From Roaring Penguin
Jump to: navigation, search

An email from Cron reports:

  Subject: Cron <root@canit> test -x /usr/share/canit/scripts/canit-system && /usr/share/canit/scripts/canit-system check (failed)
  Body: Alarm clock


canit-system check

Cron job /etc/cron.d/watch-canit runs once a minute:

  * * * * * root test -x /usr/share/canit/scripts/canit-system && /usr/share/canit/scripts/canit-system check

In normal operation this should return very quickly, e.g. less than a second. If this process times out that can generate this error.

If:

  1. The server on which canit-system check was run has a high load, or;
  2. The database server that the canit system uses is very unresponsive

... these could cause this error, so in troubleshooting this error it is good to check the load on both the server that reported the error and the CanIt system's DBServer.

The cron job runs once a minute, so if the error is ongoing/chronic (heh) then you would see several of these. If on the other hand only a single instance of this was reported then it is most likely just a transient error that can be ignored.

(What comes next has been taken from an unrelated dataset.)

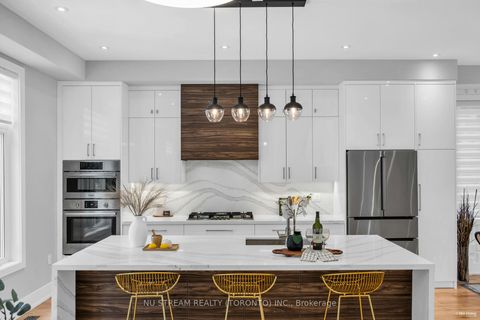 Photo 12 at 4 Westbourne Avenue, Birchmount, Toronto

It is good to check the following:

md-mx-ctrl load and md-mx-ctrl hload on the server that reported it, as well as running time /etc/init.d/canit-system check by hand to see how long it takes to respond.

We also have another article with more extensive instructions on Performance Troubleshooting.

NOTE

The devel. team reports that most conditions which throw an alarm() are wrapped in eval{...}s and would generate a more useful error message, so it is unclear exactly what condition(s) cause this bare/untrapped alarm() warning.